Excerpted records.
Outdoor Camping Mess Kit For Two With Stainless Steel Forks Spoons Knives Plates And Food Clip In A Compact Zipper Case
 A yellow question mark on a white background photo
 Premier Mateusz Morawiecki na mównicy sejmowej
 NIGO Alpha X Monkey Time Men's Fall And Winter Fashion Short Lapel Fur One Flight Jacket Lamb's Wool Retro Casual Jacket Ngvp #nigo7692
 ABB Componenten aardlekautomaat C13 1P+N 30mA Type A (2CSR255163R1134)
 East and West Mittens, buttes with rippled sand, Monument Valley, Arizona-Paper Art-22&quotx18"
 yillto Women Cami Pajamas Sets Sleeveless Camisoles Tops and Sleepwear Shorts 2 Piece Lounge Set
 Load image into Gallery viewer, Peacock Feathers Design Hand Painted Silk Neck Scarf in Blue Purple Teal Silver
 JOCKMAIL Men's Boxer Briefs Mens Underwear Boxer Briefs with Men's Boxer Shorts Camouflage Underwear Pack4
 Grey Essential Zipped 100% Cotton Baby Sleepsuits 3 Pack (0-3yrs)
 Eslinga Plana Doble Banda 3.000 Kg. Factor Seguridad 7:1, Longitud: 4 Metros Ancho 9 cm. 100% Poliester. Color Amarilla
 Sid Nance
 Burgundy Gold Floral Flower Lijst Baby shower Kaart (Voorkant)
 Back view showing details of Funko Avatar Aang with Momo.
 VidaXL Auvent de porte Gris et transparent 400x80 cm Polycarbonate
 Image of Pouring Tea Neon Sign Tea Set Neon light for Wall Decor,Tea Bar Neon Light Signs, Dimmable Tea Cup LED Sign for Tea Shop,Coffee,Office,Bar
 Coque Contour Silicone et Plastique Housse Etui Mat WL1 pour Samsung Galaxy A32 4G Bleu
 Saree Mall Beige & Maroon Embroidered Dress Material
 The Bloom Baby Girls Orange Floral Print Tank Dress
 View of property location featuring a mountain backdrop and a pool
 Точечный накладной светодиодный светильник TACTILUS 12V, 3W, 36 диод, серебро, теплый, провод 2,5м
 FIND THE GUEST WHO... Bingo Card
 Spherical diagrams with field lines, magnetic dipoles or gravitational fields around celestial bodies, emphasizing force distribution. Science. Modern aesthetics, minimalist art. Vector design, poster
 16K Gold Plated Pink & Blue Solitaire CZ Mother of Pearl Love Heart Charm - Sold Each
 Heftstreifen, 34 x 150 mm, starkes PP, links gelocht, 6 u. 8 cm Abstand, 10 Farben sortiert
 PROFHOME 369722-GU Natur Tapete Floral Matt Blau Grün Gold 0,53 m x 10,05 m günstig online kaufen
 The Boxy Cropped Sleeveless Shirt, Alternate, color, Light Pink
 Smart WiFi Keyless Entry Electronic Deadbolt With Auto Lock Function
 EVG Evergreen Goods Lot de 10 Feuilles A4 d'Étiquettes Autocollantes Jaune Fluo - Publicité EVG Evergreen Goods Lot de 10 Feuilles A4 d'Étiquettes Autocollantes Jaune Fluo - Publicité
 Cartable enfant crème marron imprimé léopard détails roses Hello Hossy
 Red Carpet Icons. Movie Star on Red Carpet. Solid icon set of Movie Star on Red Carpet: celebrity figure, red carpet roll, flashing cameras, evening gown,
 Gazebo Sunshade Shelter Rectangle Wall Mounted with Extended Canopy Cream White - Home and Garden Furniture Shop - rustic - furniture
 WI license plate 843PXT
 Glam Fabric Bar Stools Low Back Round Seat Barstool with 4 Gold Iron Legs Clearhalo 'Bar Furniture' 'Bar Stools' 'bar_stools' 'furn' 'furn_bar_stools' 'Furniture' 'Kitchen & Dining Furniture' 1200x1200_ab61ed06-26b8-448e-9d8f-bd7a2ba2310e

Task prompt. Transcribe every entry exactly as it reads.

Solution for this problem.
Outdoor Camping Mess Kit For Two With Stainless Steel Forks Spoons Knives Plates And Food Clip In A Compact Zipper Case
 A yellow question mark on a white background photo
 Premier Mateusz Morawiecki na mównicy sejmowej
 NIGO Alpha X Monkey Time Men's Fall And Winter Fashion Short Lapel Fur One Flight Jacket Lamb's Wool Retro Casual Jacket Ngvp #nigo7692
 ABB Componenten aardlekautomaat C13 1P+N 30mA Type A (2CSR255163R1134)
 East and West Mittens, buttes with rippled sand, Monument Valley, Arizona-Paper Art-22&quotx18"
 yillto Women Cami Pajamas Sets Sleeveless Camisoles Tops and Sleepwear Shorts 2 Piece Lounge Set
 Load image into Gallery viewer, Peacock Feathers Design Hand Painted Silk Neck Scarf in Blue Purple Teal Silver
 JOCKMAIL Men's Boxer Briefs Mens Underwear Boxer Briefs with Men's Boxer Shorts Camouflage Underwear Pack4
 Grey Essential Zipped 100% Cotton Baby Sleepsuits 3 Pack (0-3yrs)
 Eslinga Plana Doble Banda 3.000 Kg. Factor Seguridad 7:1, Longitud: 4 Metros Ancho 9 cm. 100% Poliester. Color Amarilla
 Sid Nance
 Burgundy Gold Floral Flower Lijst Baby shower Kaart (Voorkant)
 Back view showing details of Funko Avatar Aang with Momo.
 VidaXL Auvent de porte Gris et transparent 400x80 cm Polycarbonate
 Image of Pouring Tea Neon Sign Tea Set Neon light for Wall Decor,Tea Bar Neon Light Signs, Dimmable Tea Cup LED Sign for Tea Shop,Coffee,Office,Bar
 Coque Contour Silicone et Plastique Housse Etui Mat WL1 pour Samsung Galaxy A32 4G Bleu
 Saree Mall Beige & Maroon Embroidered Dress Material
 The Bloom Baby Girls Orange Floral Print Tank Dress
 View of property location featuring a mountain backdrop and a pool
 Точечный накладной светодиодный светильник TACTILUS 12V, 3W, 36 диод, серебро, теплый, провод 2,5м
 FIND THE GUEST WHO... Bingo Card
 Spherical diagrams with field lines, magnetic dipoles or gravitational fields around celestial bodies, emphasizing force distribution. Science. Modern aesthetics, minimalist art. Vector design, poster
 16K Gold Plated Pink & Blue Solitaire CZ Mother of Pearl Love Heart Charm - Sold Each
 Heftstreifen, 34 x 150 mm, starkes PP, links gelocht, 6 u. 8 cm Abstand, 10 Farben sortiert
 PROFHOME 369722-GU Natur Tapete Floral Matt Blau Grün Gold 0,53 m x 10,05 m günstig online kaufen
 The Boxy Cropped Sleeveless Shirt, Alternate, color, Light Pink
 Smart WiFi Keyless Entry Electronic Deadbolt With Auto Lock Function
 EVG Evergreen Goods Lot de 10 Feuilles A4 d'Étiquettes Autocollantes Jaune Fluo - Publicité EVG Evergreen Goods Lot de 10 Feuilles A4 d'Étiquettes Autocollantes Jaune Fluo - Publicité
 Cartable enfant crème marron imprimé léopard détails roses Hello Hossy
 Red Carpet Icons. Movie Star on Red Carpet. Solid icon set of Movie Star on Red Carpet: celebrity figure, red carpet roll, flashing cameras, evening gown,
 Gazebo Sunshade Shelter Rectangle Wall Mounted with Extended Canopy Cream White - Home and Garden Furniture Shop - rustic - furniture
 WI license plate 843PXT
 Glam Fabric Bar Stools Low Back Round Seat Barstool with 4 Gold Iron Legs Clearhalo 'Bar Furniture' 'Bar Stools' 'bar_stools' 'furn' 'furn_bar_stools' 'Furniture' 'Kitchen & Dining Furniture' 1200x1200_ab61ed06-26b8-448e-9d8f-bd7a2ba2310e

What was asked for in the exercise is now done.